XPost: comp.theory, sci.math   
   From: polcott333@gmail.com   
      
   On 1/3/2026 1:18 PM, Richard Damon wrote:   
   > On 1/3/26 11:47 AM, olcott wrote:   
   >> On 1/3/2026 10:32 AM, Mike Terry wrote:   
   >>> On 03/01/2026 03:30, Richard Damon wrote:   
   >>>> On 1/2/26 9:43 PM, André G. Isaak wrote:   
   >>>>> On 2026-01-01 20:09, Richard Damon wrote:   
   >>>>>> On 1/1/26 9:45 PM, André G. Isaak wrote:   
   >>>>>>> On 2026-01-01 16:48, Richard Damon wrote:   
   >>>>>>>> On 1/1/26 6:13 PM, Tristan Wibberley wrote:   
   >>>>>>>>> On 01/01/2026 22:40, Richard Damon wrote:   
   >>>>>>>>>   
   >>>>>>>>>> But it IS a theorem of the base system, as it uses ONLY the   
   >>>>>>>>>> mathematical   
   >>>>>>>>>> operations definable in the base system. What makes you think   
   >>>>>>>>>> it isn't a   
   >>>>>>>>>> Theorem in the base system.   
   >>>>>>>>>   
   >>>>>>>>> It has no derivation in the base system, if it had you wouldn't   
   >>>>>>>>> think   
   >>>>>>>>> the base system were incomplete.   
   >>>>>>>>>   
   >>>>>>>>   
   >>>>>>>> It has no PROOF in the base system.   
   >>>>>>>   
   >>>>>>> Which means it is not a theorem of the base system. A theorem is   
   >>>>>>> a statement which can be proven in a particular system.   
   >>>>>>   
   >>>>>> I guess it depends on your definition of a "Theorem".   
   >>>>>>   
   >>>>>> I am using the one that goes:   
   >>>>>>   
   >>>>>> "A Theorem is a statement that has been proven."   
   >>>>>  >   
   >>>>>> note, no restriction that the proof was in the system the Theorem   
   >>>>>> is stated in, as long as the proof shows that it is actually True   
   >>>>>> in that system.   
   >>>>>   
   >>>>> A theorem is a statement that can be derived from the axioms of a   
   >>>>> particular system.

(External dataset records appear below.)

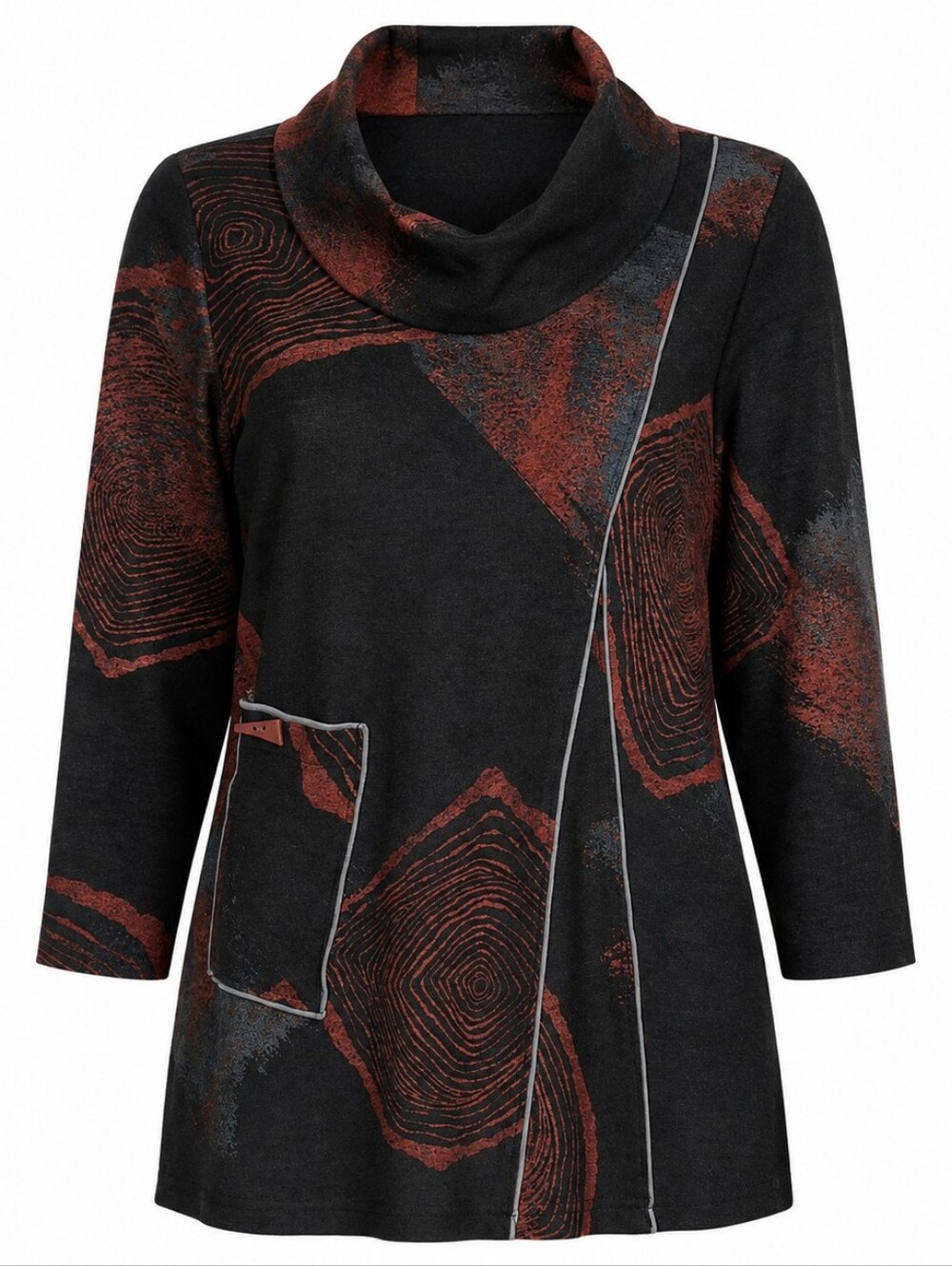 ALI MILES | Artsy Lagenlook Black Red Mixed Media 3/4 Sleeve Cowl Sweater | XL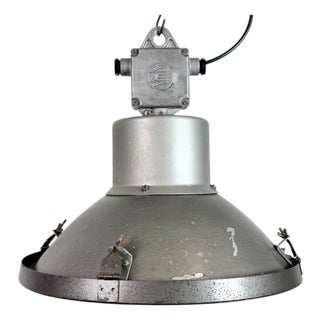 Industrial Grey Hammer Paint Pendant Lamp from Elektrosvit, 1960s For Sale
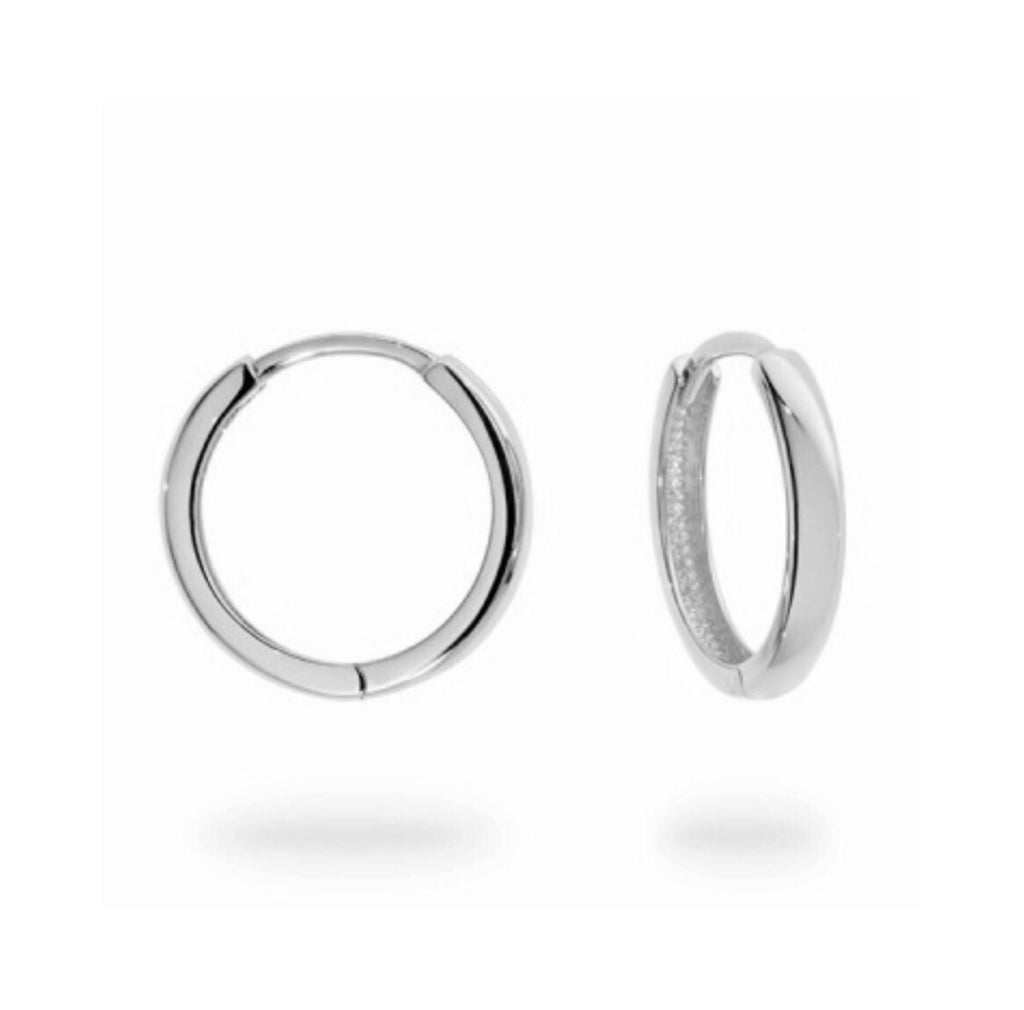 Medium White Gold hinged Huggie Hoops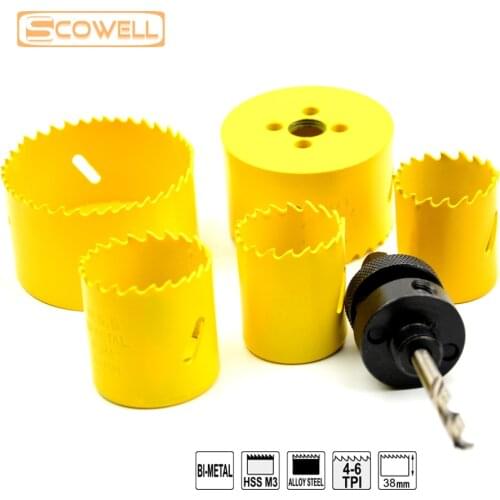50% OFF professional 6PCS HSS Bi-metal M3 saw kits for holesaw cutter 32mm-73mm Hole Saw sets In Bulk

It may be true in other systems, but it is only   
   >>>>> a theorem in systems in which it can be derived.   
   >>>>   
   >>>> Right, And the statement og Godel's G can be fully derived in the   
   >>>> base system, as it is purely a mathematical relationship using the   
   >>>> operations derivable in the system.   
   >>>   
   >>> Neither G nor ¬G has a derivation (in your terms, a "formal prooof")   

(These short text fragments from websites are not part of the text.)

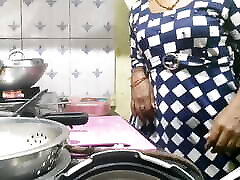 Indian Desi aunty cooking our home after our husband cumshot and tits pusssy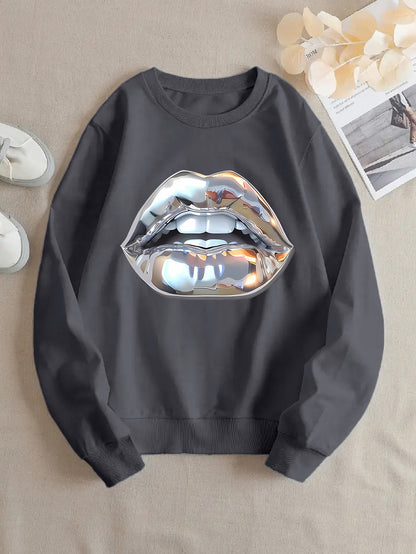 Buy Women’s Cartoon Silver Lip-Printed Sweatshirt for Casual Wear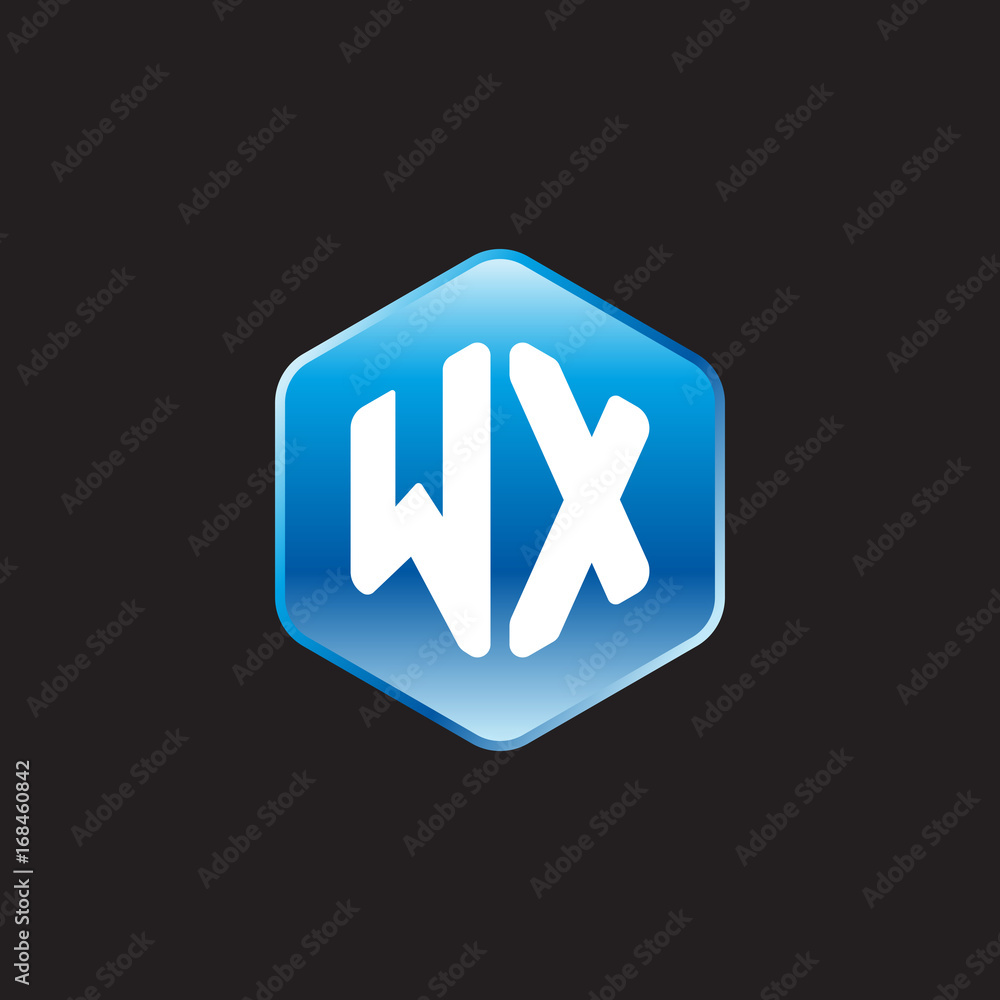 Initial letter WX, modern glossy hexagon logo, gradient blue color on black background
Initial letter WX, modern glossy hexagon logo, gradient blue color on black background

   >>> within the base system.  That is what Godel proves, showing that the   
   >>> base system is incomplete.   
   >>>   
   >>> Mike.   
   >>>   
   >>>>   
   >>>> The implications of this statement can't be understood in the   
   >>>> system, but that isn't a requirment to be a Theorem.   
   >>>>   
   >>>>>   
   >>>>> An obvious example to illustrate this would be the fact that there   
   >>>>> are many theorems which can be derived in Euclidean geometry, but   
   >>>>> which are not theorems of various non-Euclidean geometries. That is   
   >>>>> to say, not only can they not be derived in those non-Euclidean   
   >>>>> geometries, but they can be shown to be *false* in those non-   
   >>>>> Euclidean geometries.   
   >>>>   
   >>>> Right, but G isn't like this.   
   >>>>   
   >>>>>   
   >>>>> Theoremhood is always tied to a particular formal system.   
   >>>>   
   >>>> Right, and the statement G needs nothing outside of the base system   
   >>>> to be created.   
   >>>>   
   >>>   
   >>> Sure.  Just creating a statement doesn't mean the statement is a   
   >>> Theorem.  Theorems need a "formal proof" (aka, a derivation) in that   
   >>> formal system.  You have a basic misunderstanding somewhere!   
   >>>   
   >>> Mike.   
   >>>   
   >>>   
   >>>> What the meta-system provides is a "hidden" meaning to it.   
   >>>>   
   >>>>>   
   >>>>> André   
   >>>>>   
   >>>>   
   >>>>   
   >>>> It is sort of like given a binary of a program. The base computer   
   >>>> still considers it a program, even if the only way to figure out   
   >>>> what this program does is to run it with all sorts of input. So,   
   >>>> even without a C compiler, that binary is a program.   
   >>>>   
   >>>> WIth the C compiler and the C source code, we can understand much   
   >>>> better what the program does, and might not need to run it for a   
   >>>> bunch of inputs.   
   >>>>   
   >>>> The fact that program came out of the C compiler. doesn't make it   
   >>>> not a program for that processor.   
   >>>>   
   >>>> In the same way, G is a statement about using a specific set of   
   >>>> operations defined in the base system and whether any number given   
   >>>> will statisfy it. WIth just the assembly code, that may be   
   >>>> impossible to determine, as there are an infinite number of possible   
   >>>> inputs, so we can't test them all.   
   >>>>   
   >>>> But, that sequence of operations that G uses, came out of a   
   >>>> "compiler" in the meta-system, from which we can see that this set   
   >>>> of instructions are just a proof tester, to see if the number is a   
   >>>> representation of a give proof of the statement G in the base   
   >>>> system, where every proof in the base system produces a unique   
   >>>> number, and every number produces a possible proof in the base   
   >>>> system (though many are just non-sense)   
   >>>>   
   >>>> The fact we used a "compiler" to generate the statement doesn't make   
   >>>> it not a program in the base system, but does let us understand what   
   >>>> it does.   
   >>>   
   >>> You have used lots of words to explain, in effect, that the G   
   >>> statement is a statement of the base system.  Well, most everybody   
   >>> here understands that perfectly well.  (Not PO though...)  Your   
   >>> analogy with programs has nothing more than   
   >>>   
   >>>    program  <---> statement in the language of the formal system   
   >>>                   (or what is often called a "sentence"   
   in that   
   >>> language)   
   >>>   
   >>> so program does not correlate with "Theorem" of the formal system.   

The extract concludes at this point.